Certo i legami economici tra Iran e Turchia sono consistenti e soprattutto destinati a crescere ora che Teheran vedrà diminuire le sanzioni imposte dall’Onu, dall’Unione Europea e dagli Stati Uniti. Già adesso il giro d’affari è di 14 miliardi di dollari con l’obiettivo di portarli a 30 miliardi entro il 2016. La Turchia ha in mente di diventare lo sbocco sul Mediterraneo per il gas e il petrolio iraniano, magari giocando sul prezzo in competizione con la Russia che ha lo stesso problema dell’Iran. Insomma Ankara si vede come lo snodo strategico naturale per gli idrocarburi provenienti dall’est, in alternativa ai progetti statunitensi (vedi l’olodeotto Nabucco) potendo contare sulla propria posizione geografica, su alleanze a largo spettro (è anche membro della Nato), su tassi di crescita economica significativi e su un potenziale militare rilevante. Tutti ingredienti decisivi per consolidarla ed estenderla come potenza regionale di primo piano. A ben guardare però sono ambizioni e potenzialità che sono ben attive anche per l’Iran

In secondo luogo Turchia e Iran, hanno in comune un altro fattore: sono due potenze regionali islamiche ma “non arabe”. Certo la prima è sunnita e la seconda è sciita, e la prima ha cercato di destabilizzare apertamente la Siria storica alleata dell’Iran. Ma, come è noto, in Medio Oriente i nemici di ieri possono diventare molto rapidamente gli alleati di oggi (un pò come per l’Italia nelle due guerre mondiali, ndr).

Da queste ambizioni appare seriamente preoccupata l’Arabia Saudita e il suo network sunnita di piccole petromonarchie del Golfo, oggi solidamente alleate con il gigante arabo: l’Egitto di Al Sisi.

Nella guerra civile in Yemen questo network sta sperimentando, anche militarmente, la sua ambizione di agire come polo islamico unificato, riscoprendo quella Lega Araba messa in soffitta – almeno dal punto di vista militare – sin dalla guerra del Kippur nel 1973 contro Israele. Anzi oggi convergente con Israele nella comune ostilità verso l’Iran e forse anche verso la Turchia.

Una parte importante delle ambizioni del “polo islamico” si gioca oggi nelle sabbie e nelle montagne dello Yemen, in uno scontro che solo apparentemente è tra sciiti e sunniti, ma la seconda partita si giocherà sicuramente in Libia dove l’Egitto preme per un intervento militare diretto contro il governo insediatosi a Tripoli – ostile a quello insediato a Tobruk e filo-egiziano.

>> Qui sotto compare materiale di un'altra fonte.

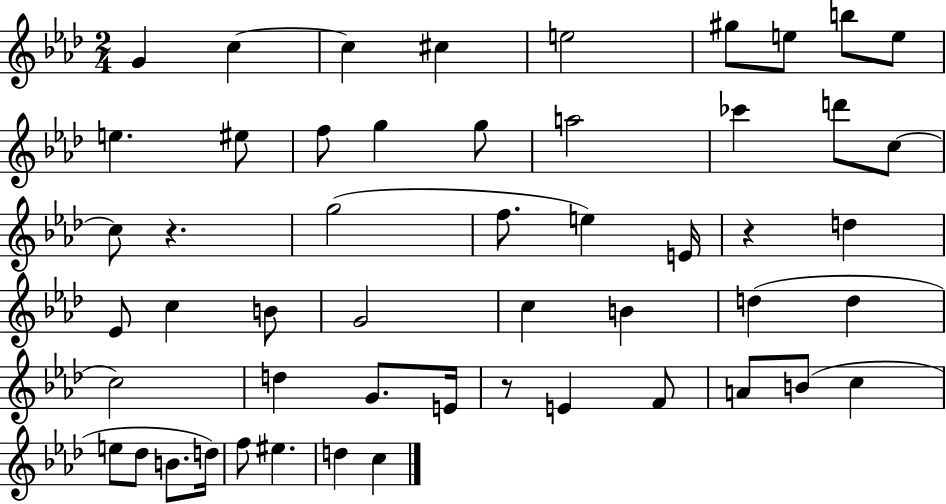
G4/q C5/q C5/q C#5/q E5/h G#5/e E5/e B5/e E5/e E5/q. EIS5/e F5/e G5/q G5/e A5/h CES6/q D6/e C5/e C5/e R/q. G5/h F5/e. E5/q E4/s R/q D5/q Eb4/e C5/q B4/e G4/h C5/q B4/q D5/q D5/q C5/h D5/q G4/e. E4/s R/e E4/q F4/e A4/e B4/e C5/q E5/e Db5/e B4/e. D5/s F5/e EIS5/q. D5/q C5/q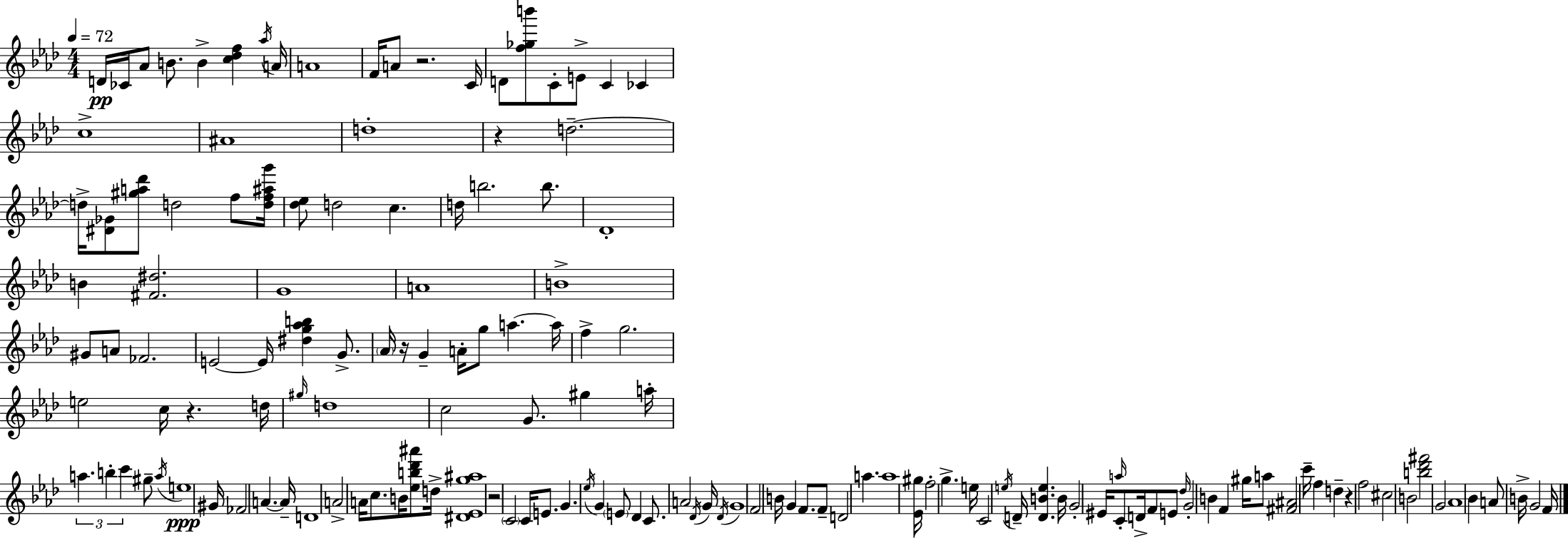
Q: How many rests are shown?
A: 6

In mezzo a questo Grande Gioco tra le potenze regionali mediorientali, tutte islamiche ma non tutte arabe, si inserisce la guerra sporca dello Stato Islamico. Un nemico contro cui, fino ad oggi, gli unici a non aver sparato un solo colpo e a non aver ricevuto danni ma benefici sono proprio Arabia Saudita e…. Israele.